How to Maximize Your Participation During the STEM Forum & Expo
Margie Gifford-Hawkins currently teaches science at Winfree Bryant Middle School in Lebanon, Tennessee. While teaching in Lebanon, Margie has launched an after-school Girls Science Club, a student-run TV station, Family STEM Nights, and Community Earth Day events at her school. She has been featured, with her science club, on a PBS News Hour Special and has been named News Channel 2 Educator of the Week.
She has presented sessions at many state, regional, and national science and math conferences. Margie also does educational consulting, conducting seminars on topics ranging from developing inquiry-based science lessons to teaching academic vocabulary, differentiated curriculum development, integrating science and math standards, and a “Best Practices in Teaching Science” seminar geared toward preservice teachers.
Margie has had her research on Academic Vocabulary’s Effect on Low Performing Math Students published by the Association of Supervision and Curriculum Development (ASCD). She holds a BA in education (MDSS Grades 1-8) and a MA in instructional leadership from Tennessee Technological University.
John Quinn started his position as executive director of the Department of Science, Technology, Engineering, and Mathematics with the Baltimore County Public Schools in September 2009. The vision for the department is to inspire, engage, and prepare the next generation to be inventors, explorers, and innovators who will lead U.S. achievement in STEM. Prior to working in Baltimore County, John worked for 31 years with the Howard County public school system as a science teacher, high school principal, science coordinator, and STEM project director. John holds a bachelor's degree in environmental resource management from Pennsylvania State University, a master's degree in technology education from the Johns Hopkins University, and a doctorate in education policy and administration from the University of Maryland College Park.
Michael Heinz serves as the science coordinator at the New Jersey Department of Education.

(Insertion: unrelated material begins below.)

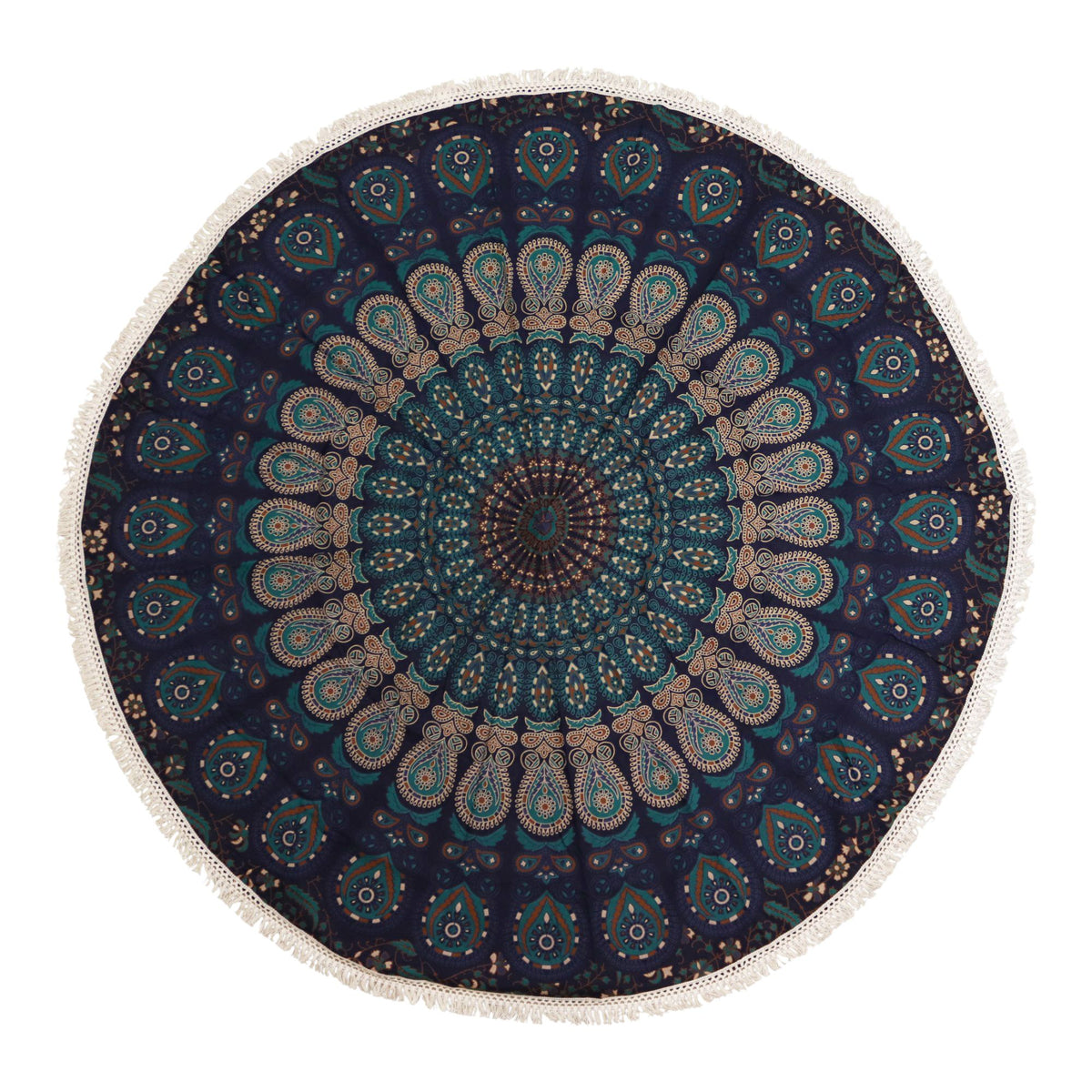Peacock Blues mandala roundie cotton art with blue teal and gold design 130cm UK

Prior to joining the department in 2005, he was a middle school science teacher and team leader for a NASA Explorer School. Partnered with NASA, the NASA Explorer School teams seek to acquire new teaching resources and technology tools using NASA's unique content, experts, and other resources—to provide exciting learning experiences in science, technology, and mathematics for students.
Tanisha Wesby has been employed with the Metropolitan Nashville (Tenn.) Public Schools since 1999, as a kindergarten teacher at Goodlettsville Elementary School and currently as a first grade teacher at Hattie Cotton STEM Magnet Elementary School. She is also a master teacher mentor for SECME, Inc., providing instructional coaching to elementary teachers for their professional development. A K-12 alliance linking STEM universities with school systems and corporate/government partners, a key goal of SECME is to increase the pool of historically underrepresented and underserved students who will be prepared to enter and complete postsecondary studies in science, technology, engineering, and mathematics (STEM); thus creating a diverse and globally competitive workforce. Her involvement with SECME began as a teacher participant in their summer institutes and has included being a SECME Teacher of the Year finalist in 2009.
Tanisha has also co-authored a children's book with her husband, Kenton Wesby, titled What Do You See When You Look at Me? Her outreach efforts include working to eliminate the achievement gap for underresourced students as a certified trainer for A Framework for Understanding Poverty through aha! Process, Inc. A native of Chattanooga, Tennessee, Tanisha earned her B.S. degree in early childhood education from Middle Tennessee State University, a M.Ed. degree in instructional effectiveness from Trevecca Nazarene University, and a specialist of education degree in instructional leadership from Tennessee Technological University.